Yes, behavior management. Not discipline, not parenting, behavior management. As a teacher and graduate of an applied behavioral science program, I have often been asked for advice on helping with behavior. From tantrums to sleepless nights, there are things you can do to prevent them all. The key word is prevent. I’ll share some of my tips and tricks I’ve learned and hopefully help you and your family!

Basic Rules of Behavior Management

These are not the rules from a text book or the definition of behavior management. These are, in my opinion, the keys to having a successful behavior management plan. Whether it’s in your home or a classroom full of kids, these rules apply everywhere. This is just a short run down of the rules. A more detailed post is coming for each of them!

1. Prevention. The number one way to keep problem behaviors from taking over your life is to prevent them. How do you prevent them? Set ground rules that include rewards and consequences. Make consistent routines. Specifically praise a desired behavior you see. Distract your child when you see trouble coming. Whatever it is you need to do, try to keep the issue from happening in the first place.
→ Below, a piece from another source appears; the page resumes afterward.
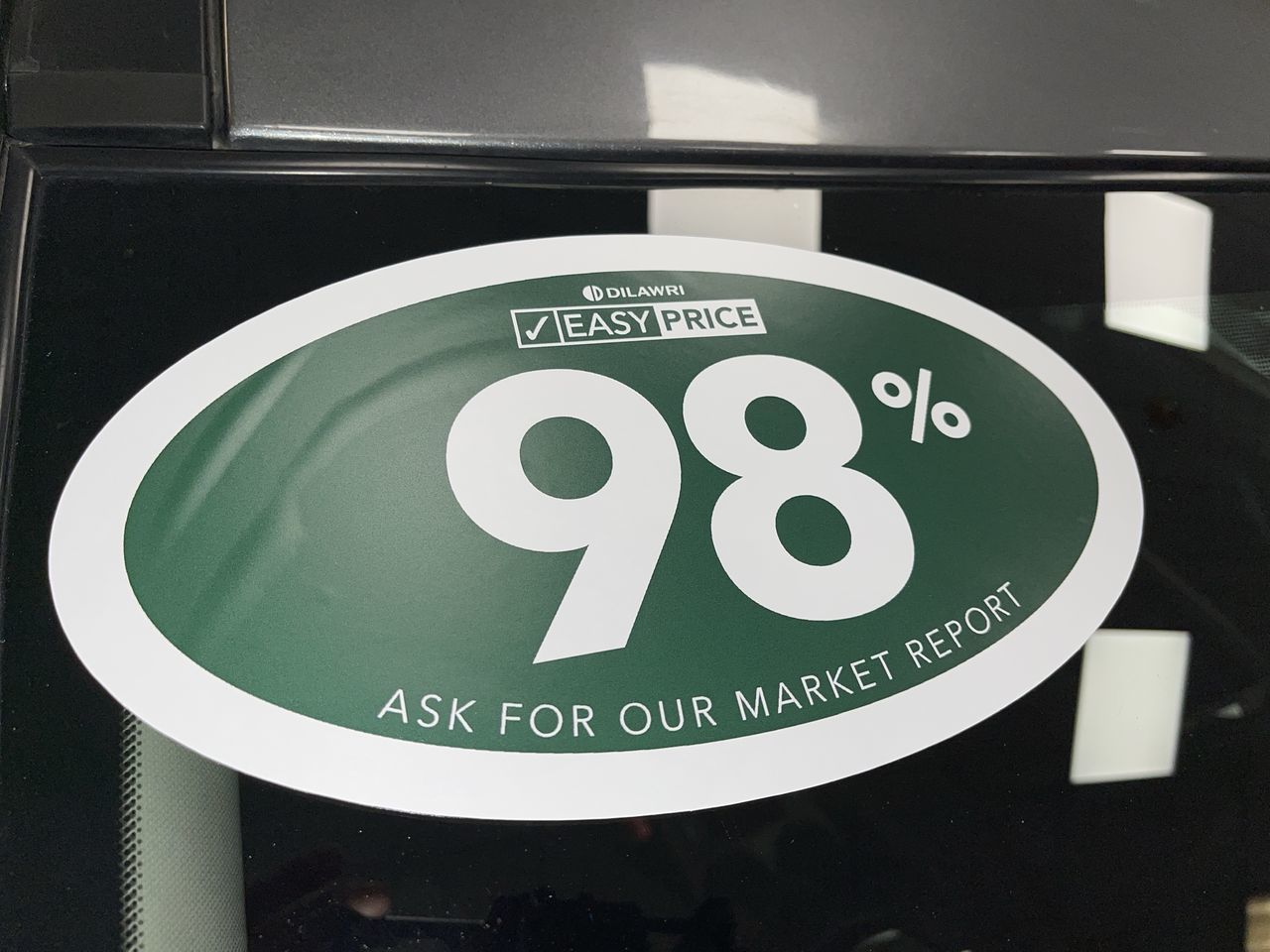 Nissan Rogue  2019 à Regina, Saskatchewan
2. Know your child. Understand what can trigger trouble for your child. If they’re having a rough time with something, check out their environment and see what’s causing the problem. Did they get to bed late the night before? Did they eat a certain food? Is there someone or something upsetting them? Are you playing music too loud? There can be so many triggers for behavior, but if you look closely you can discover the trigger and eliminate it.
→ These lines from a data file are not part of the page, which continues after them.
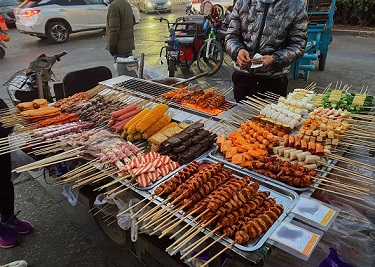 好产品是信任的载体,超越功能价值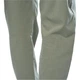 Штани Salewa Fanes Hemp Light Pant Mns 5130 L (100086953) - изображение 4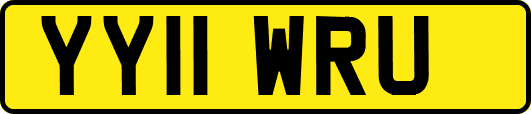 YY11WRU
3. Realize the problem can be YOU. This can be particularly difficult for adults to look at. After all, we’re the ones in charge, right? So, whatever we say just has to go. Well, yes. Kind of. We should set the rules and boundaries in our house. However, we also have to give our kids some grace and help them to behave well. If we’re stretching them too thin, stressed out ourselves, only yelling at them after they’ve done something, ignoring them, reinforcing the problem by only giving attention after the unwanted behavior, or are simply disorganized, we can be the problem. I’ve been guilty of this myself (as we all have!), and it’s hard to admit that it’s YOU that’s causing the problem. But, the best part about this step: it’s easy to fix. You don’t have to modify the child’s behavior, you have to modify your own…and having a well behaved child is a pretty good motivator to change your behavior.

4. Be specific. No matter if it’s discipline or praise, be very specific about what you are talking about. No matter how young your child, tell them exactly what the are or are not doing. For example, instead of saying. “No!” when your kid is jumping on the couch, say “Sweetie, please don’t jump on the couch. You can get hurt and I would hate to see you hurt. Please play on the floor.” There are three parts to this: you’re identifying the problem (jumping on the couch), justifying why it’s a problem (they could get hurt…NOT that your white couch could get dirty), and giving an alternative behavior (playing on the floor instead). And for praise, “I love how you’re sitting so nicely on the couch and keeping your feet on the floor!” You are communicating that you like what they’re doing, and why you like it.

Four rules, that’s not so hard to remember, is it?